Recovery Path D: Entire Chain Unrecoverable

The VBK is missing, corrupt, or the metadata is so broken that VBR cannot reconstruct a usable chain. All restore points from this chain are lost.

  1. 1Check for alternate restore sources before accepting total loss: backup copy job target, SOBR capacity tier, replication target, tape archive.
  2. 2Remove the broken chain from VBR. In Home, Backups, Disk, right click the broken backup and select Remove from disk. This clears the database records and removes the physical files. If the physical files are already gone, use Forget instead.
  3. 3Enable the job and run it. VBR will create a new active full on the next run, starting a fresh chain. The first run will take significantly longer than normal.
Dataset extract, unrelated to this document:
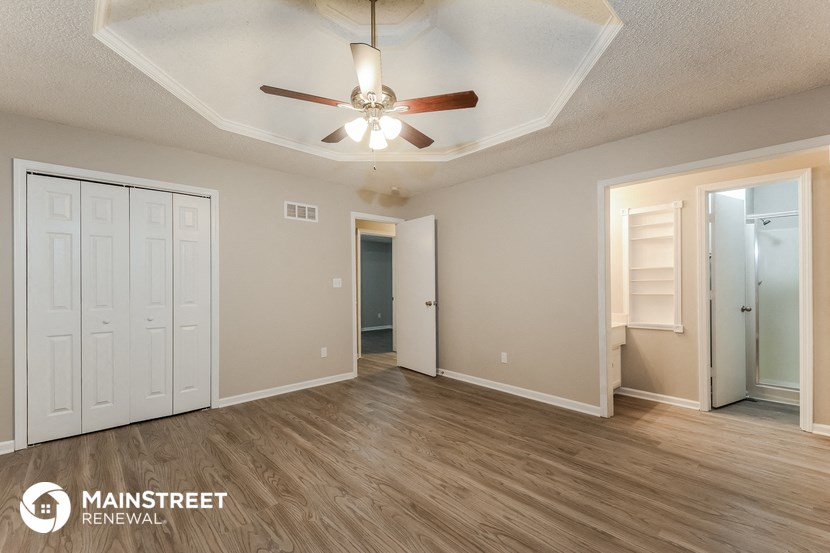 a living room with a ceiling fan and a door to a closet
It is a full backup, not an incremental.
  4. 4Investigate the storage failure that caused the VBK corruption before the new chain runs. Starting a new chain on a storage system that is actively degrading will reproduce the corruption.

Gotchas

Forget vs Remove from Disk. Know Which One You Are Using
Forget removes the database record only. The files remain on disk. Use this when you are not certain and want to investigate further. Remove from disk deletes both the database record and the physical files. Once removed from disk, the data is gone. If the repository has immutability enabled, Remove from disk cannot delete files that are still within the immutability window. It removes only the database record in that case. Read the VBR confirmation dialog carefully before clicking.
Corruption Before Health Check Runs Is Silent
Without storage level corruption guard enabled on the job, corruption in a VIB file is not detected at write time. VBR writes what it receives, calculates CRC on the blocks, and stores them. If the storage returned corrupt data during the write, the CRC matches the corrupt data. The health check rereads the actual VM data and compares it to the stored backup blocks. This is how it catches storage level corruption that happened silently. Without health check, the corruption sits in the chain until a restore is attempted. Enable health check on all jobs.
Immutable Repositories Cannot Be Repaired
The health check repair process requires writing new data over the corrupted restore point. Immutable files cannot be modified during the immutability window. If health check detects corruption in an immutable repo, VBR marks the restore point corrupted and stops. The only forward path is an active full backup to start a new chain, or waiting for the immutability window to expire. Plan for this: immutable repos should have backup copy jobs to a second location for exactly this scenario.
Forever Incremental Chains Have Unbounded Blast Radius
A forward incremental chain with no periodic synthetic fulls grows indefinitely. Every restore point after the VBK is a link in a single chain. One corrupted VIB six months into the chain makes every restore point after it inaccessible. The VBK and the first six months of VIBs may still be fine, but everything from the corruption forward is gone. Periodic synthetic fulls divide the chain into separate sections. Corruption in one section does not affect other sections. Configure a synthetic or active full at least weekly for any production workload.
Database Inconsistency Errors Are Not Always Storage Corruption
Errors like "Full Storage Not Found" and complaints about corrupted storage metadata sound alarming but are often VBR database issues where the chain records are out of sync with the files on disk. Not actual data corruption. The files may be perfectly intact. Do not delete the chain immediately. Rescan the repository and open a Veeam support case before removing anything. Veeam Support can correct database inconsistencies without touching the backup files.

Prevention Checklist

  • Enable storage level corruption guard (backup file health check) on every job. Schedule it to run weekly. This is the difference between catching corruption during a health check and discovering it during a production restore.
  • Configure periodic synthetic or active fulls on all jobs. Weekly is the standard. Forever incremental chains have unbounded blast radius when corruption hits.
  • Run SureBackup jobs against your most critical VMs. SureBackup is the only way to verify that the application inside the backup is actually recoverable, not just that the backup files are intact.
  • For immutable repositories, run a backup copy job to a separate target. When health check detects corruption on an immutable repo, you need an alternate recovery path that does not require the immutability window to expire.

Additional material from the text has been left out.